Classification of Visual Perception and Imagery based EEG Signals Using Convolutional Neural Networks
Classification of Visual Perception and Imagery based EEG Signals Using Convolutional Neural Networks
Ji-Seon Bang
Dept. Brain and Cognitive Engineering
Korea University
Seoul, Republic of Korea [email protected] Dong-Ok Won
Dept. Brain and Cognitive Engineering
Korea University
Seoul, Republic of Korea [email protected] Seong-Whan Lee
Dept. Artificial Intelligence
Korea University
Seoul, Republic of Korea [email protected]

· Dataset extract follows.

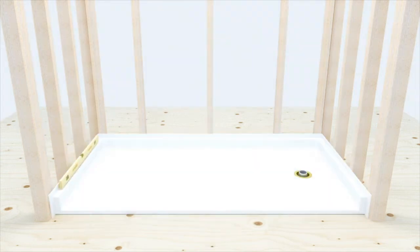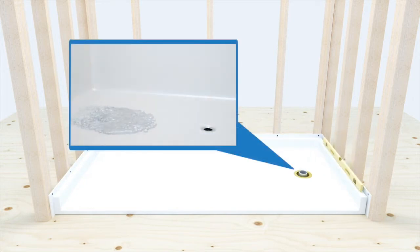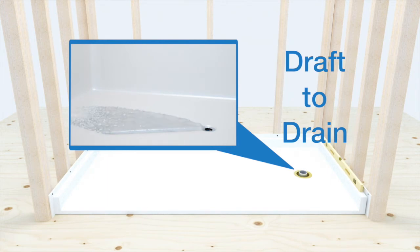Place pan in position. Check for level and check for draft to drain. Secure the pan to all available studs, shimming where necessary, counter-sinking number 10 stainless steel screws. This allows the screw head to be flush with the finished flange so as not to interfere with the finished wall installation. Check for level and draft to drain one final time — this will be the last opportunity to ensure a perfectly level pan with draft to the drain before installing the walls.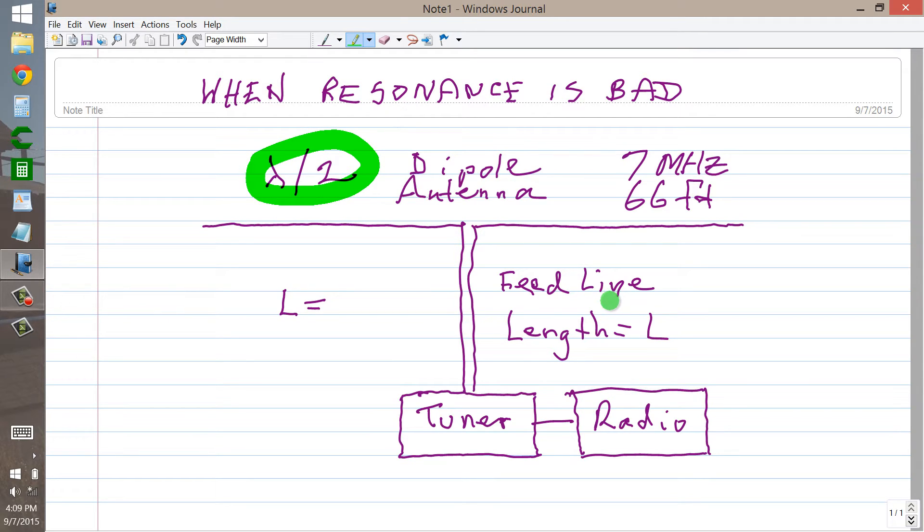Now we have a feed line. We can have open wire line, we can have coaxial line — preferably with a balun coil. If it's an open wire line, we would have a tuner, and that's what I've shown here. Open wire meaning ladder line, ribbon line, or the increasingly popular so-called window line, which is a ribbon line with pieces cut out of the dielectric material to reduce the loss. And your transceiver.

Abstract — Recently, visual perception (VP) and visual imagery (VI) paradigms are investigated in several brain-computer interface (BCI) studies. VP is defined as a changing of brain signals when perceiving visual information and VI is defined as a changing of brain signals when memorizing visual information. These paradigms could be alternatives to the previous visual-based paradigms which have limitations such as fatigue and low information transfer rates (ITR). In this study, we analyzed VP and VI to investigate the possibility to control BCI. First, we conducted a time-frequency analysis with event-related spectral perturbation to represent the reliability of the brain signal while performing VP and VI. In addition, two types of decoding accuracies were obtained with the convolutional neural network to verify whether the brain signals can be distinguished from each class in the VP and whether they can be differentiated with VP and VI paradigms. As a result, we obtained a high performance of 43.00% (chance level is 16.67%) in the 6-class classification (VP) of subject 1. The average performance was 32.56%. Also, the binary classification performance which classifies two paradigms was 90.16%. These results indicate that the use of the proposed method is beneficial for the classification and prediction of the brain states from visual tasks (i.e. VP and VI) when developing comfortable BCI systems.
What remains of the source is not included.